Thursday, September 18, 2008

letter from elder david

> Dear Tecia,
> I dont know what you are talking about my big head? I have absolutely no idea what I said to imply that. I think you are acusing me as Aaron acused Ammon of boasting, and Ammon replied that I am only boasting in my God, I think that is a good response. I am only boasting in my God. He really has been there for me, and I am nothing that is why it is so amazing to have the gifts that he has bestowed on me bestowed on me. I have many good experiences, just yesterday I went back to the legendary farmington/hazeldale wards. That is where my mission turned around and I told my companion it was wierd, very wierd because I learned to love those people so much. I was there just on exchanges with our zone leaders who now serve in that ward, and I was able to go back and see the Dominguez family again, Adriana and her family. Tecia it was awesome almost like going home for the day as if it was a dream. I saw them and they were so happy, so very happy. I remember them the very first day I met them, they werent unhappy but there was something different yesterday like they loved being alive, especially Adriana. She seemed almost like a different person with a different way she held herself. It is hard to explain but it was probably the very best day of my mission, that is what this is all about.
> Things here are steadily progressing, the family that I think I have been writing about (another spanish family) came to church on sunday. We met Iliana at some apartment complex, her 22 yr old son came out and asked us to talk to his mom when she got home from work. He said that she wanted to come to church with us. The whole family came and in our last teaching appointment Iliana broke down and started crying she said she knew it was true, the only problem is going to church when she doesnt want to and having that little battle inside of herself. I told her its alright because thats why my comp and I are here, we will take care of that part. She will be baptized before my mission ends, which is by the way Nov. 21st on friday to the best of my knowledge. That might change to thursday if anything I will let you know but plan on friday morning though. The reason it might change is because now our transfer day is wednesday afternoon not, thursday morning. So just a little heads up. Love ya tecia and the whole family. Have fun.

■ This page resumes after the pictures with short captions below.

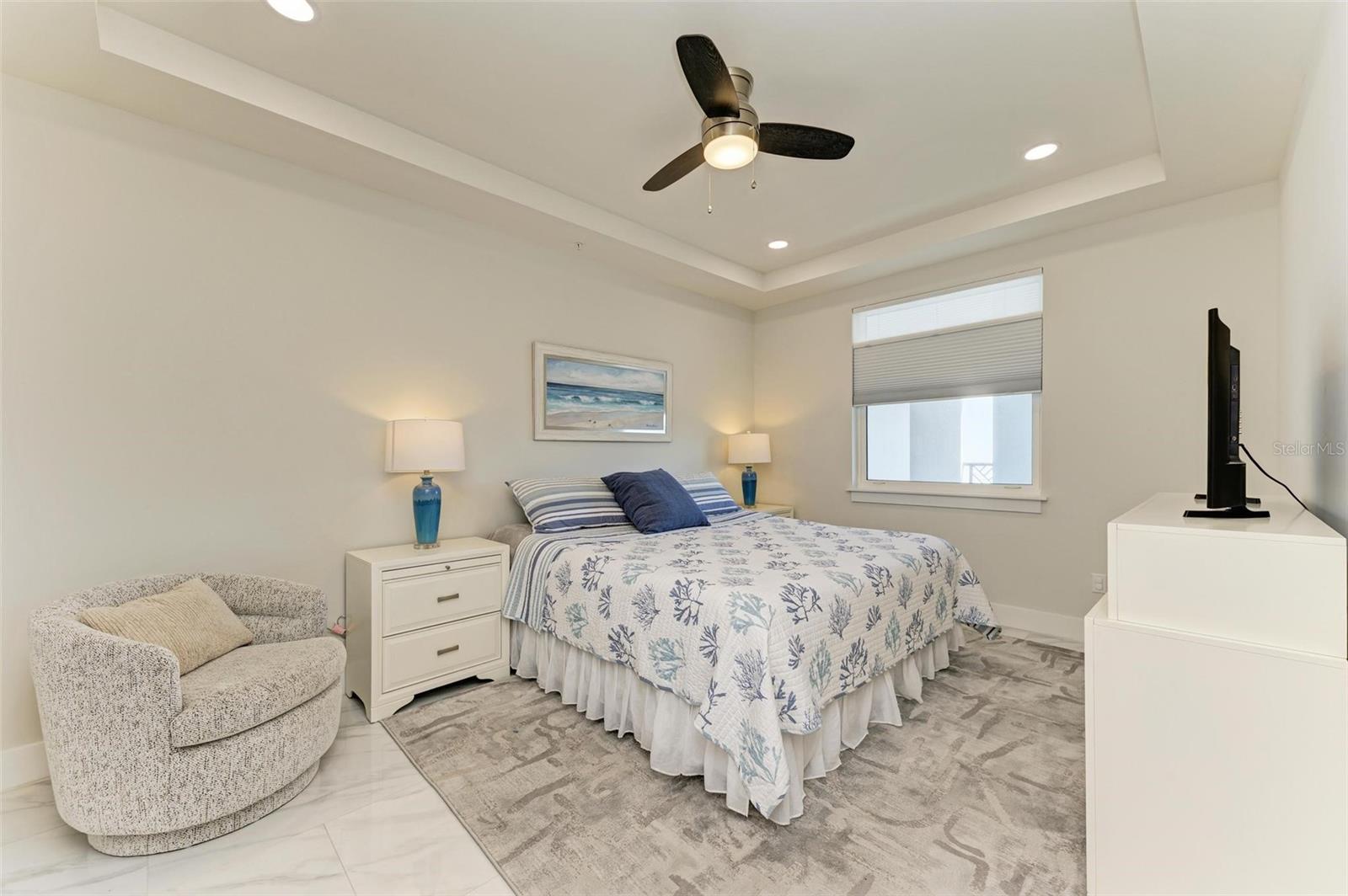 1425 PARK BEACH CIR #1311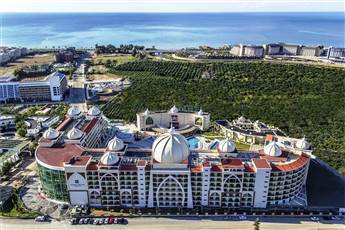 Alan Xafira Deluxe Resort & Spa 5*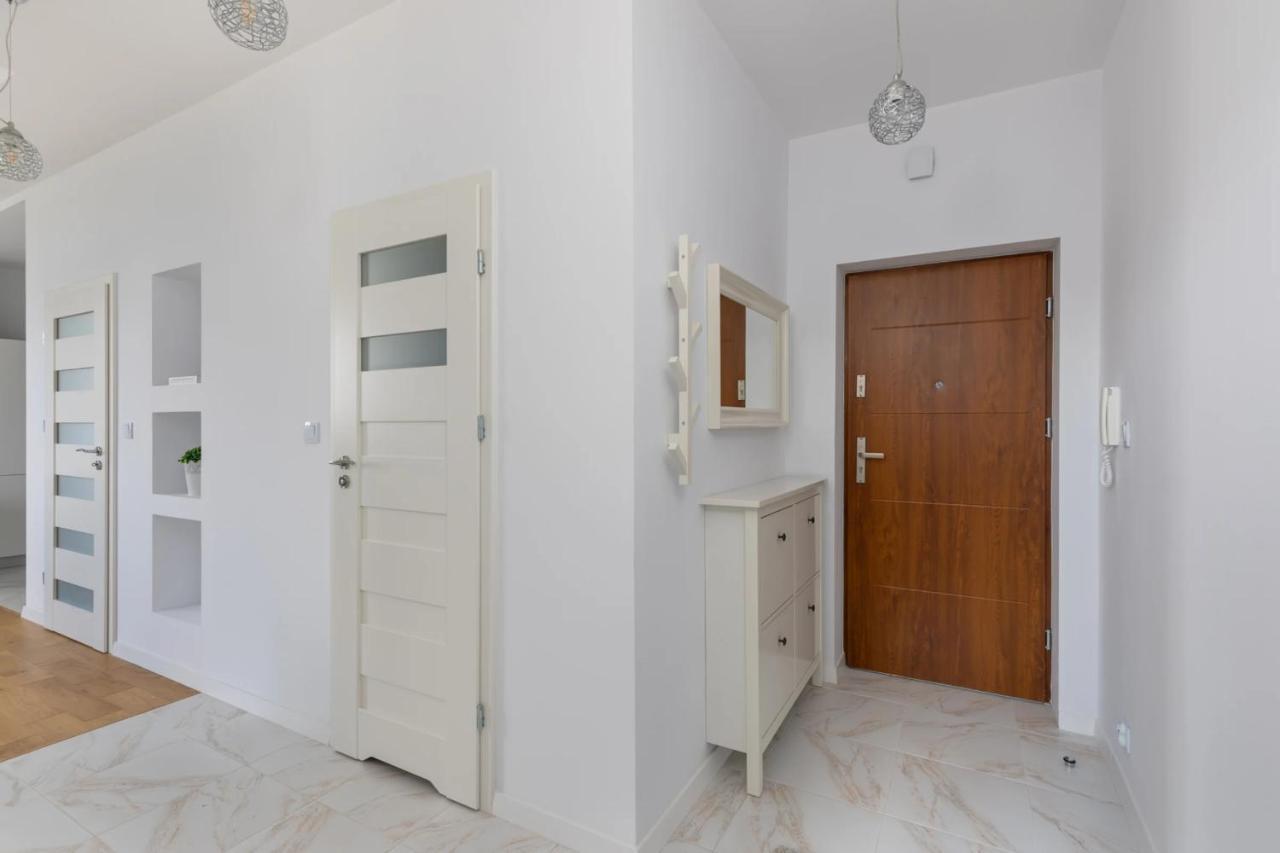 Przestronny Apartament Z Widokiem Na Miasto W Warszawie 바르샤바 외부 사진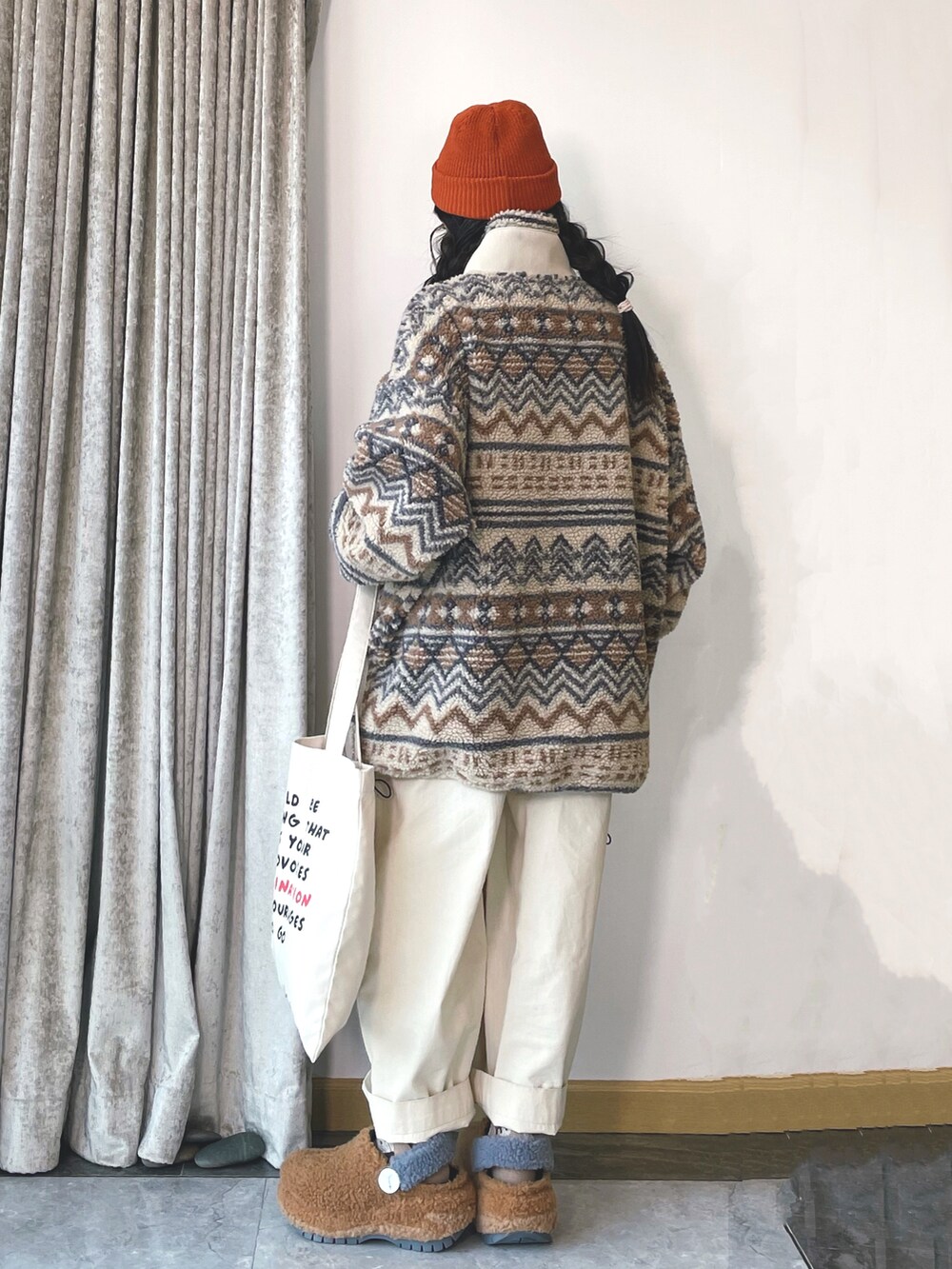 ホワイト系のブルゾン、ホワイト系のカーゴパンツ、その他のトートバッグを着用したレディースの冬コーディネートの3枚目の写真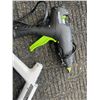 Image 2 : Lot: Glue Guns, Vernier Calipers, Screwdriver, Wrist Strap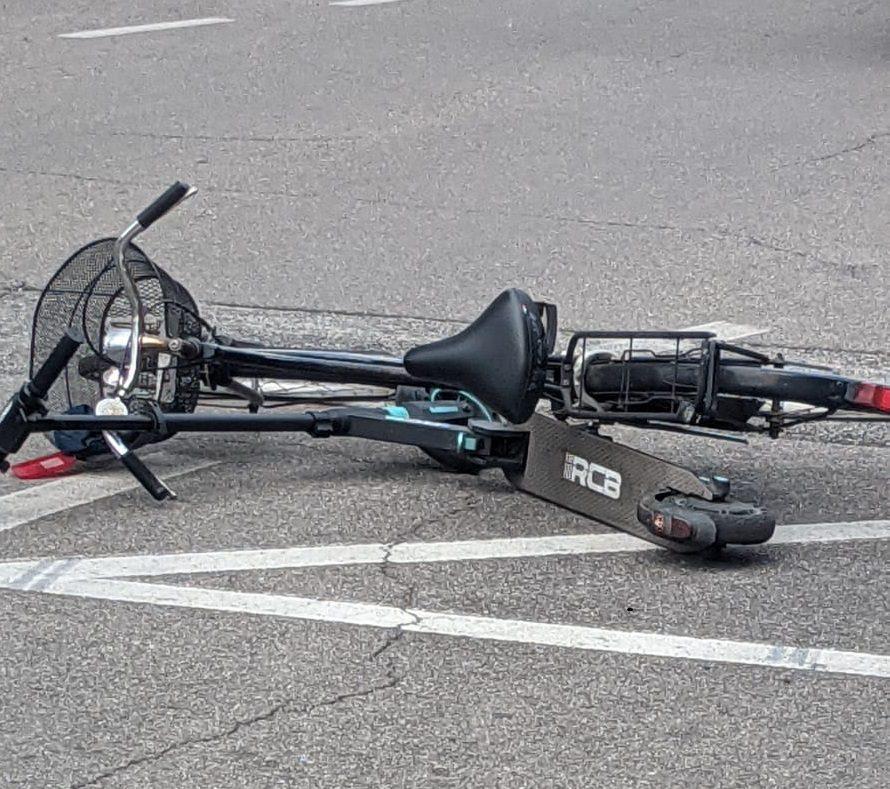 Saronno, scontro tra bici e monopattino: 57enne ricoverata all’ospedale di Como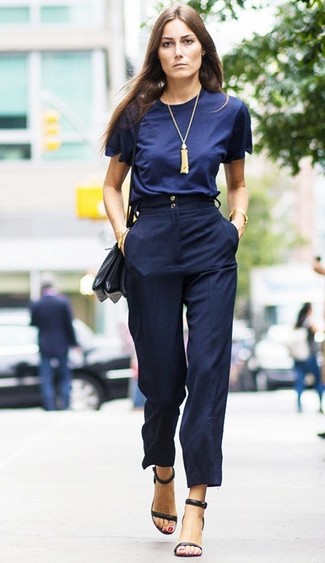 Come indossare e abbinare un orologio dorato per una donna di 30 anni: Coniuga una t-shirt girocollo blu scuro con un orologio dorato per un look facile da indossare. Sandali con tacco in pelle neri sono una valida scelta per completare il look.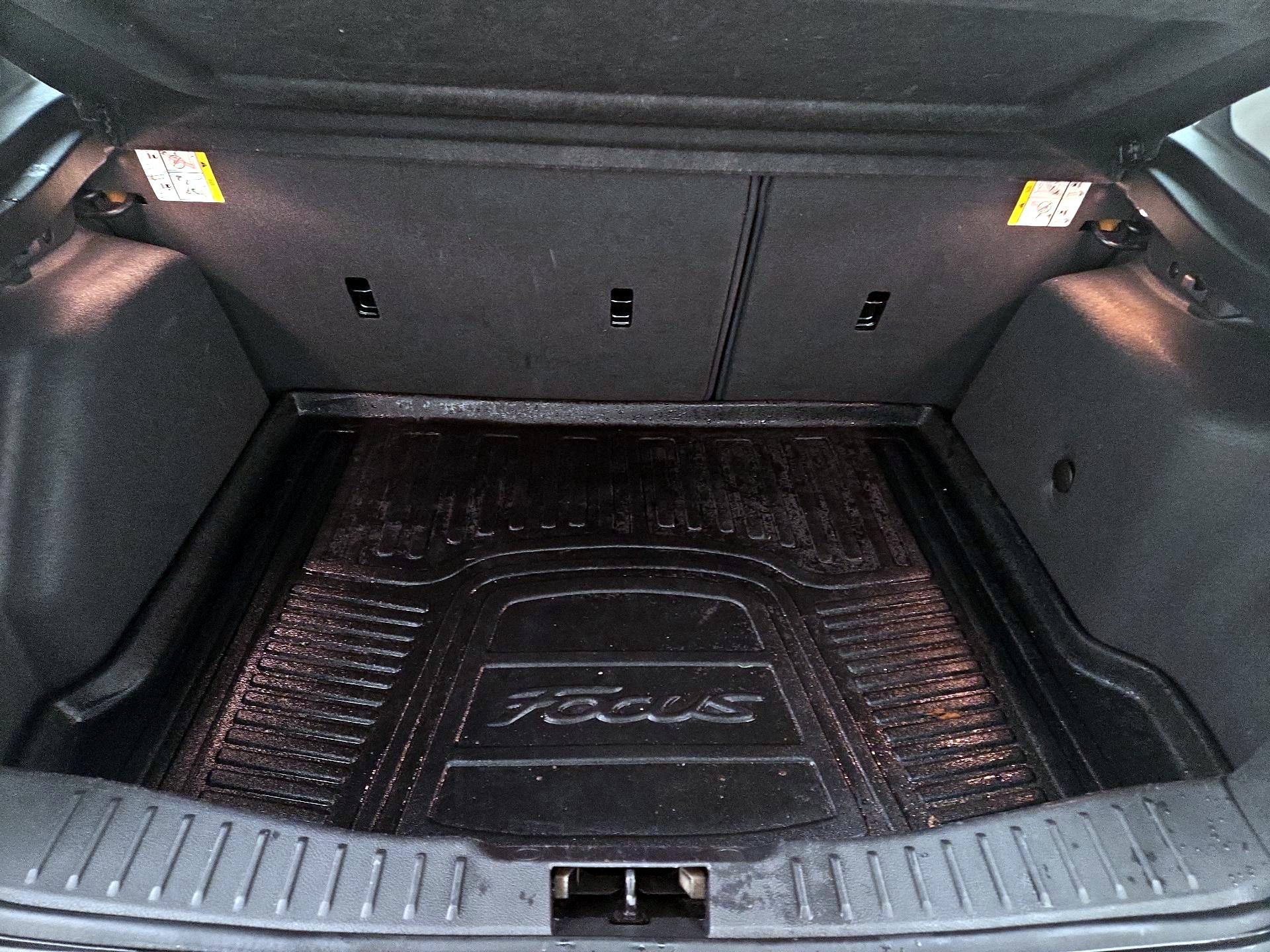 Thumbnail: 2014 Ford Focus - 17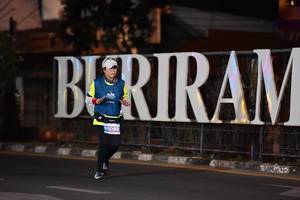 BIB: 95092
                            <button type="button" onclick="openModal(13787103)" class="btn btn-primary btn-sm float-right btn-popup" data-toggle="modal" data-target=".modal-high-quality">
                        <i class="fas fa-shopping-cart"></i> Add to Cart
                    </button>
                                            <button type="button" onclick="isThisMe(13787103, true)" class="btn btn-success btn-sm float-right btn-popup btn-isme hidden" data-toggle="tooltip" data-placement="bottom" title="นี่คือรูปของคุณใช่ไหม คลิกที่นี่เพื่อเอาเข้าอัลบั้ม">
                        <i class="fas fa-plus"></i> Add to album
                    </button>
                    <button type="button" onclick="isThisMe(13787103, false)" class="btn btn-warning btn-sm float-right btn-popup btn-isnotme hidden">
                        <i class="fas fa-ban"></i> Remove from album
                    </button>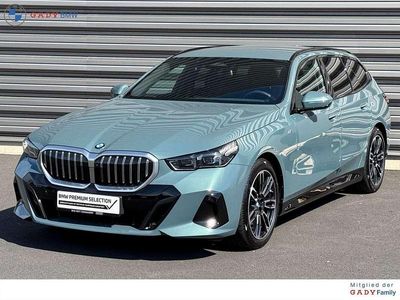 Cape york grün Gebraucht 2025 BMW 520 Shadowline Kombi | € 63.940 (Guter Preis)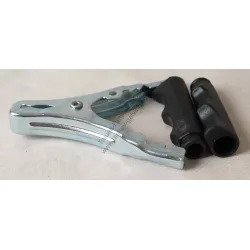 Щипка Deca черна за зарядно за акумулатор Smart 1222, Class 12A, Class16A, Class20A, Class30A, Mach214, Mach114 Щипка Deca черна за зарядно за акумулатор Smart 1222, Class 12A, Class16A, Class20A, Class30A, Mach214, Mach114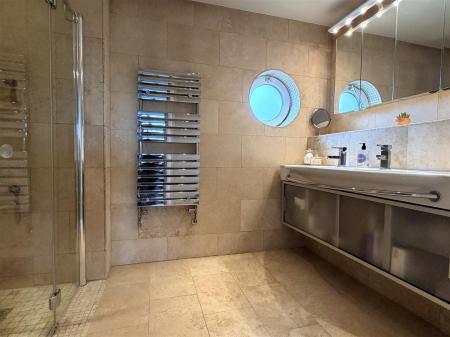 EN SUITE SHOWER/WC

Well I didnt have time but here is my letter to my mission president from last week. love you.

Dear President Dyches,
The work here is going absolutely fantastic. We just taught a family of six last night. Iliana, her husband Ruben and four kids Lewis, Denise, Amy and Angel. It was a fantastic lesson where all we had to do was talk with Iliana she wants to have God in her life more, she expressed her concerns and her interests, the desires of her heart. She already had made the decision to come to church, but now she plans on getting baptized. What she does her family does and we pointed out to her that that is why is a special interest of the adversary, for if she does what the Lord wants her to do then, the family will follow and if she does what Satan wants her to do then her family will follow. She is extremely receptive to the spirit and Bro. Poole was the perfect person to bring over.
We are serving in 2 wards that area absolutely fantastic. Evergreen has one of the best bishops that I have ever worked with, if not the best bishop. He is the ideal, missionary work number one priority type of bishop that the area needs. The ward is full of high quality members that would do anything for you. The only problem that they face is that the ward is kind of stuck in its routines, they dont have a lot of baptisms and that is just the way it is. Most of the baptisms happen with the youth and that is the way it is. We are overcoming that though and things are going to change with many baptisms in a ward that doesnt get baptisms. Glencoe on the other hand, I want to tell the bishop that he is sitting on a gold mine over flowing with gold, he doesnt even have to mine for it just pick it up off the ground. They just had a baptism and the ward is full of some of the most amazing members that I have ever met. Stake presidents and bishops in the making. They are solid, personable people with a lot of less-actives and part member families in the ward to test thier skills with.
We set goals as a zone this last week and I am not so sure on how to think about the goals. They were number goals for all of the key indicators. Myself, I think they are low in some aspects that we are going to do better as a zone but I dont think they correlate right. I think that if you set a goal to have 10 investigators at sacrament as a zone that doesnt mean anything. I have a goal for all of my investigators to come to sacrament, now that is a real goal and one that will make me stretch. I think the mission needs aditional training on what goals really are, if the zone leaders dont understand it then why would any of the missionaries understand goal setting.
Anyway my comp is always doing better. He still is kind of shaky on the phone and pretty quiet during lessons, I think that sometimes our lessons are to hard for him to follow, I am used to having an experienced companion. I will do better to help him have more of the lesson to teach and help him to open his mouth a little more.
I am doing alright. I still have my ups and my downs, But recently there are far more ups than downs and my downs are sometimes as high as my ups used to be, if that makes any sense. There is so much going on and I feel pressed to finish my work for I know that the end is coming. I have a deadline and high goals to reach. Thanks president.